Well, I have the same tendency, I wouldn´t like to offend anybody speaking about them, so that´s why I avoid use of "vecchio". But at the same time "più vecchio" is softer.. anyway, "anziano" wins  for me


----------



## ivyity

Yes I agree!
Surely we use "vecchio" only in a friendly conversation!
I wasn't clear..I wanted to underline that the word "grande" could have more meanings, but in this sentence we intend "più grande d'età", that's anziano o vecchio*
About "Entrambi": is the appropriate translation for "Both", we use the expression "tutti e due" more in a friendly conversation.
Bye ivy*


----------



## laurika

Good to know... Thanks!


----------



## Leo57

Hi
   According to my grammar book "maggiore and minore" are used to express age and "grande" and "piccolo" are used for size.  So (in view of this thread) is this correct?
e.g. 
Roberto è maggiore di suo fratello. Robert is older than his brother.
Roberto è la maggiore della famiglia. Robert is the oldest in the family.
Luigi è il fratello minore.  Louis is the younger brother.
Roberto è più grande del suo amico.  Robert is bigger/taller than his friend.
Stefano è più piccolo di suo fratello.  Stefano is smaller than his brother.


Ciao
Leo


----------



## pedale

Leo57 said:


> Hi
> According to my grammar book "maggiore and minore" are used to express age and "grande" and "piccolo" are used for size.  So (in view of this thread) is this correct?
> e.g.
> Roberto è maggiore di suo fratello. Robert is older than his brother.
> Roberto è la maggiore della famiglia. Robert is the oldest in the family.
> Luigi è il fratello minore.  Louis is the younger brother.
> Roberto è più grande del suo amico.  Robert is bigger/taller than his friend.
> Stefano è più piccolo di suo fratello.  Stefano is smaller than his brother.
> 
> 
> Ciao
> Leo




I agree. " Maggiore " is proper


----------



## Leo57

pedale said:


> I agree. " Maggiore " is proper



Thankyou


----------



## federicoft

Leo57 said:


> Hi
> According to my grammar book "maggiore and minore" are used to express age and "grande" and "piccolo" are used for size.  So (in view of this thread) is this correct?
> e.g.
> Roberto è maggiore di suo fratello. Robert is older than his brother.
> Roberto è il maggiore della famiglia. Robert is the oldest in the family.
> Luigi è il fratello minore.  Louis is the younger brother.
> Roberto è più grande del suo amico.  Robert is bigger/taller than his friend.
> Stefano è più piccolo di suo fratello.  Stefano is smaller than his brother.
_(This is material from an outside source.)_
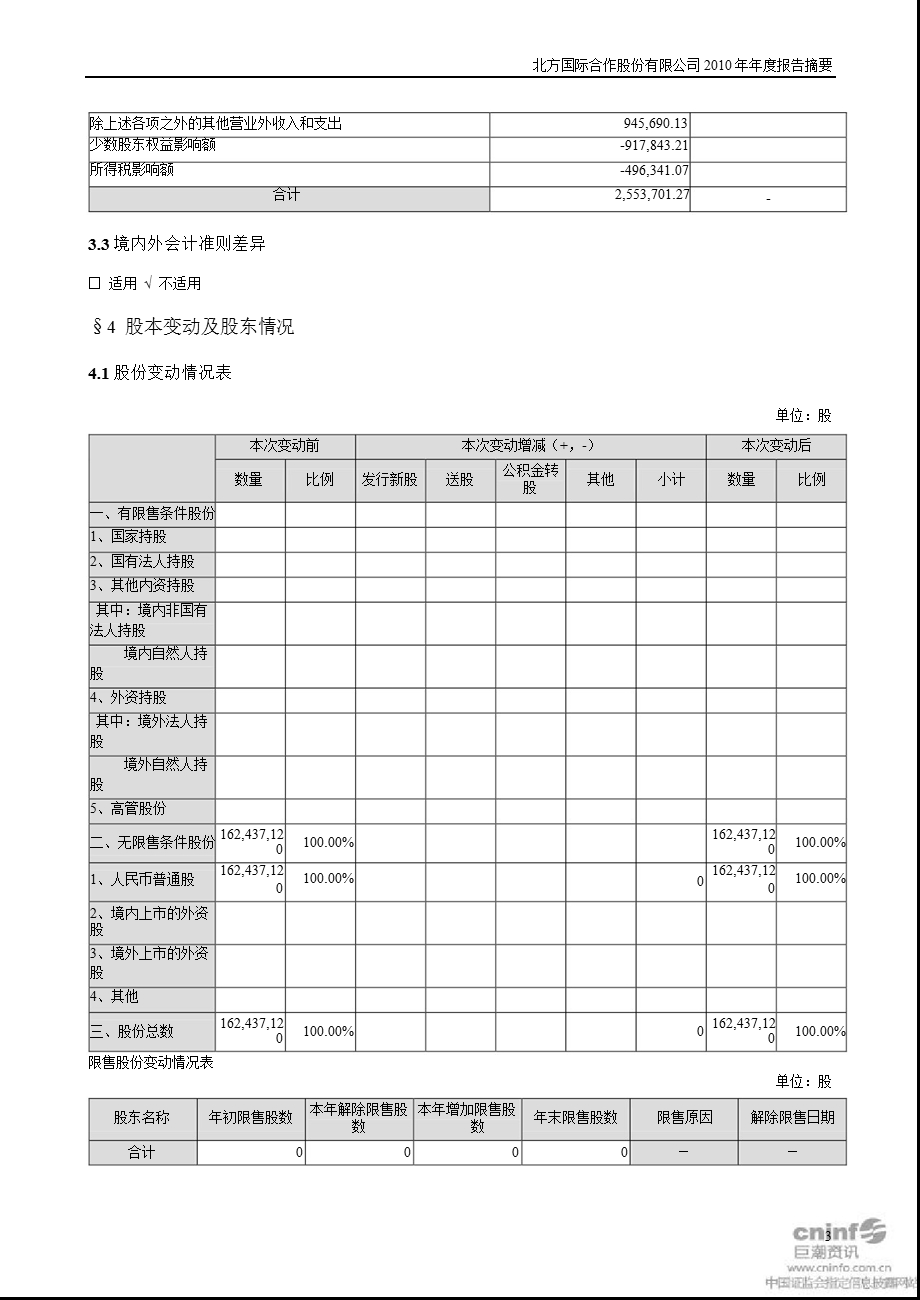 北方国际：2010年年度报告摘要.ppt_第3页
Hmm... I disagree with your grammar book.
When referred to people, grande/piccolo always refer to age, unless it is absolutely clear from the context they refer to size.
Taller/shorter is più alto/più basso.

Of course you can use maggiore/minore too, but I'd say when used as an adjective (_Carlo è maggiore di Mario_) it is a bit more formal than "più grande", and less common in spoken language. When used as a noun (_Carlo è il maggiore dei fratelli_) is perfectly ok though.


----------



## pedale

Yes federicoft, but when you say "maggiore" you attribute it to the age, instead "più grande" may be attributed to the age or to  the  height.
Ciao
pedale


----------



## federicoft

That's what I am saying.


----------



## Necsus

Hmm... sono d'accordo con Federico, anche se in realtà secondo me la differenza d'uso è anche fra comparativo (maggiore) e superlativo relativo (il maggiore), oltre che fra aggettivo e nome. Nella lingua parlata anch'io difficilmente userei _maggiore_ nella frase 'Roberto è maggiore/più grande di suo fratello', preferendo senz'altro _più grande_, mentre se volessi dire che è di stazza maggiore userei _più grosso_.


----------



## theartichoke

Hermocrates said:


> Personally, I would say "più grande" instead of "più vecchio". I try to avoid using the adjective "vecchio" when talking about people.
> In particular, I would say "più grande" if talking about young people (e.g. children or young adults) and "più anziano" if talking about elderly people.



Reopening this old thread just to clarify something that's always puzzled me. Over my years of speaking Italian, I've come to understand pretty much what's stated above: if Giuseppe is 10 and Gianni is 5, then _Giuseppe è più grande di Gianni. _If Giuseppe is 85 and Gianni is 80, then _Giuseppe è più anziano di Gianni_. 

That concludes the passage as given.